O Líbano não consegue parar de piorar. Neste fim de semana, chegou a ficar 24 horas sem energia elétrica central — a que o Estado supostamente deveria prover. Falo de uma nação que até pouco tempo atrás, em 2019, ainda era de classe média, com um padrão não muito diferente de países da América Latina. Inclusive, com menos miséria e desigualdade do que o Brasil. Beirute tem marcas de destruição da guerra civil (1975-1990) e bairros mais pobres. Mas ainda assim eram melhores do que as áreas mais miseráveis das capitais brasileiras
Homem com máscara vê o escombros de explosão em Beirute

A atual catástrofe libanesa começou há pouco mais de dois anos. A corrupção de uma classe política sectária em uma nação sem projeto algum de país levou ao fim da coleta de lixo e a apagões intermitentes. A população sobrevivia graças a um câmbio fixo fictício e a remessas do exterior. Apesar de ser uma nação mediterrânea com muitas áreas férteis, especialmente no verdejante Vale do Beqaa, importava 80% dos alimentos que consumia.

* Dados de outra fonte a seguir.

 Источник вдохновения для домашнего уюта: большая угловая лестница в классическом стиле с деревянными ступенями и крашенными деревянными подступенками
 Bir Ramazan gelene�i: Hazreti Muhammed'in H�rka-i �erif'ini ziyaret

Com uma moeda sobrevalorizada, isso não parecia ser um problema para os consumidores. Obviamente, quando essa mesma moeda, a lira libanesa, perdeu 90% do valor, ocorreu o colapso total. A classe média que vive do salário, e não dos dólares enviados pelos parentes no exterior, começou a passar fome. Os mais pobres, que normalmente são refugiados sírios e palestinos, foram para a pobreza extrema.

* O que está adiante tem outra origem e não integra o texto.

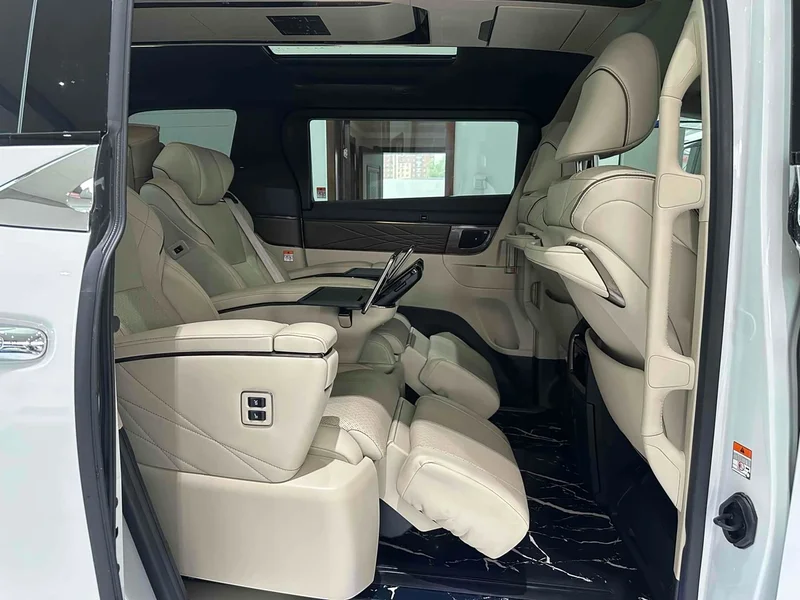 Toyota Vellfire — фото 16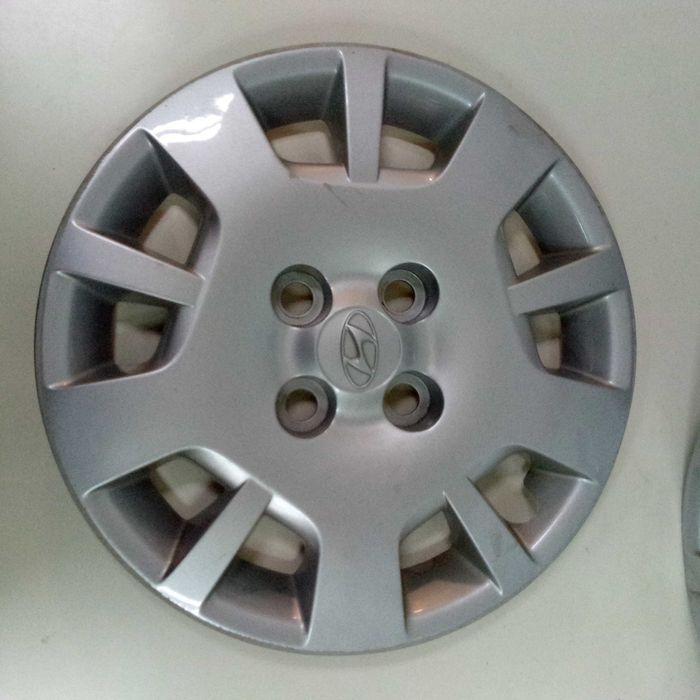 Тасове за Хюндай и20ка 14 и 15 цола имам, 4 броя ОРИГИНАЛНИ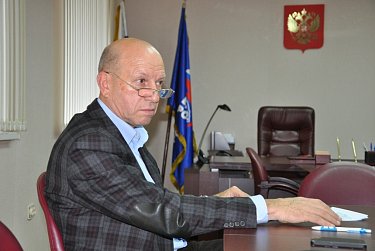 Геннадий Аверьянов работает в территориях избирательного округа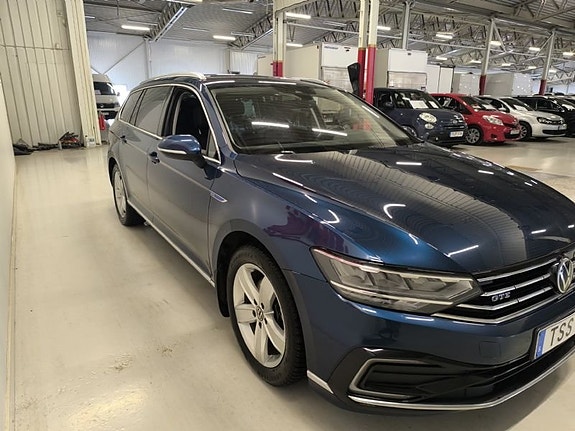 Volkswagen Passat 3 of 10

O combustível do Líbano também é importado. Além de faltar dinheiro para comprar, grande parte acaba sendo contrabandeada para a vizinha Síria. Os mais ricos montam esquemas para abastecer seus geradores — em um país com Estado ausente, esse recurso também é muito utilizado por parte da classe média. Chegou um momento, na semana passada, que literalmente acabou a combustível para a estatal de eletricidade e o país ficou na escuridão. Alimentos perecíveis estragaram. Remédios dependentes de refrigeração perderam a validade.

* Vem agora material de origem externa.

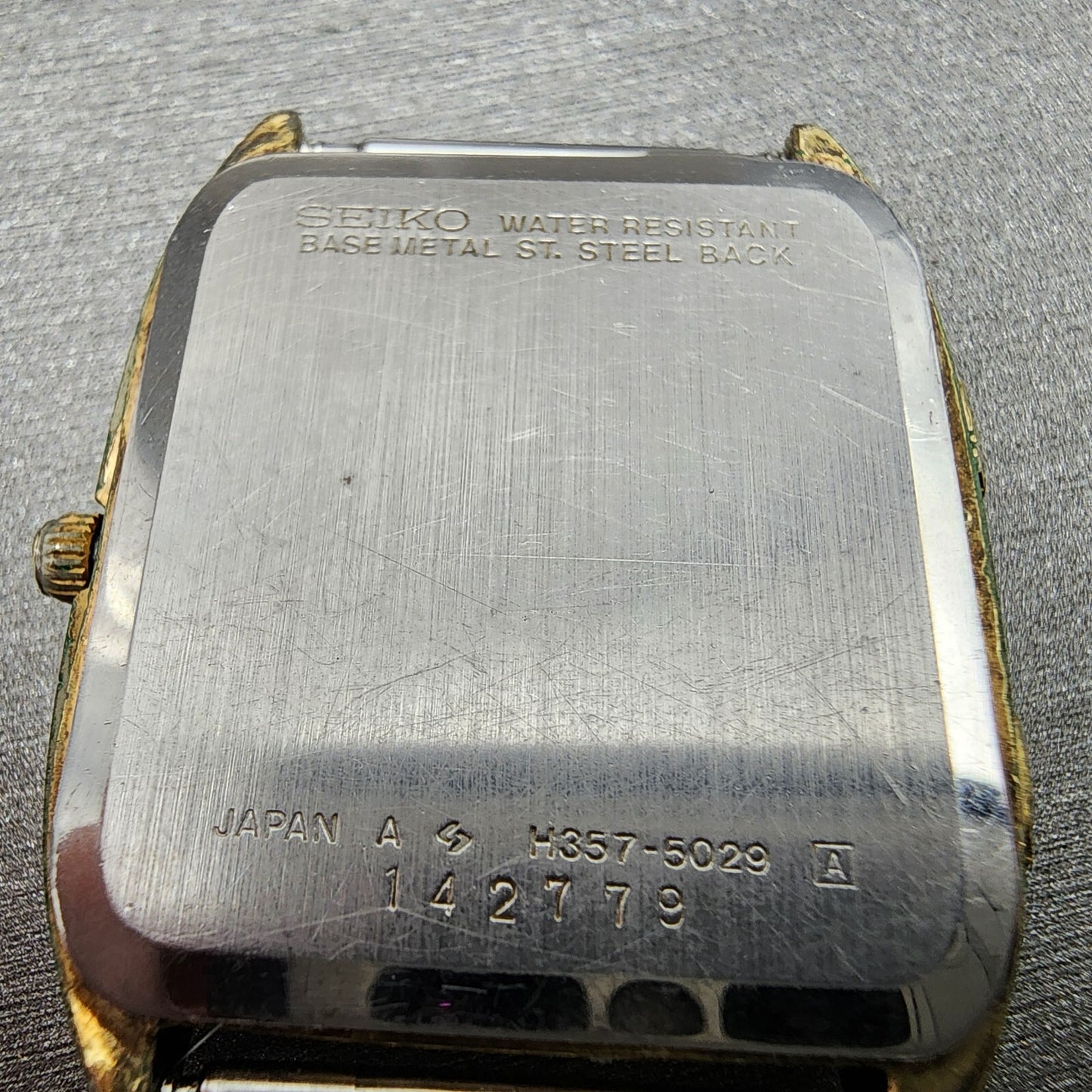 Seiko Analog Digital Watch Men 31mm Gold Dial Gold Tone H357-5029 PARTS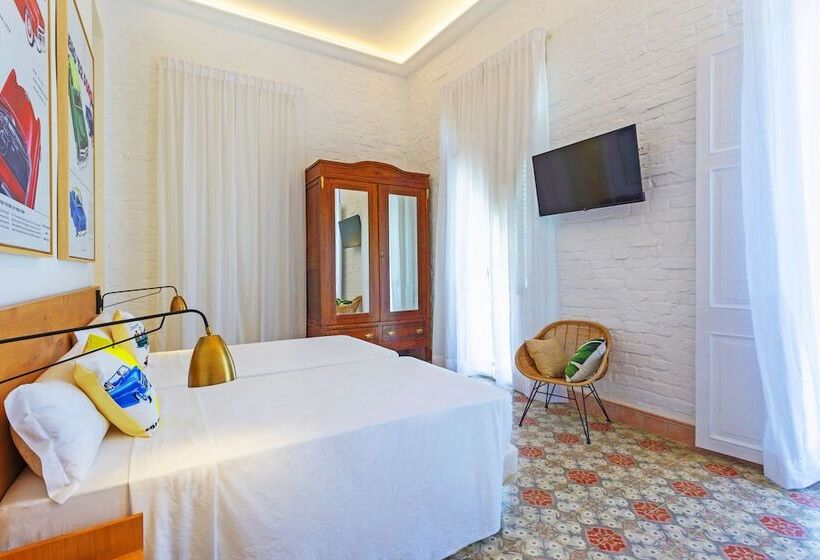 Claxon Hotel Boutique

A saída foi o governo pegar emprestado do Exército e usar dinheiro das reservas em dólares do Banco Central, que já estão próximas do fim, para conseguir pagar. Todo este caos se soma à maior explosão não-nuclear em uma zona urbana na História da humanidade — todos se lembram bem quando o porto de Beirute explodiu, destruindo boa parte da capital libanesa. Para completar, apesar da formação de um novo governo, segue a instabilidade política, com rivalidades envolvendo diferentes e complexas alianças envolvendo partidos cristãos, sunitas, xiitas e drusos. Acrescente-se a existência de milícias, sendo uma delas a mais poderosa do mundo — o Hezbollah. Há ainda interferência estrangeira de países da região e do Ocidente.

Infelizmente, o desmonte do Líbano prossegue. É uma nação cujo principal produto de exportação é o libanês. A mão-de-obra libanesa, especialmente a qualificada, seguirá emigrando para o resto do mundo, onde costumam se sobressair historicamente. Já o Líbano seguirá sem perspectiva de sair da escuridão. Triste ver um país com tanto potencial morrer diante dos nossos olhos. Deveria servir de alerta a outras nações, inclusive o Brasil.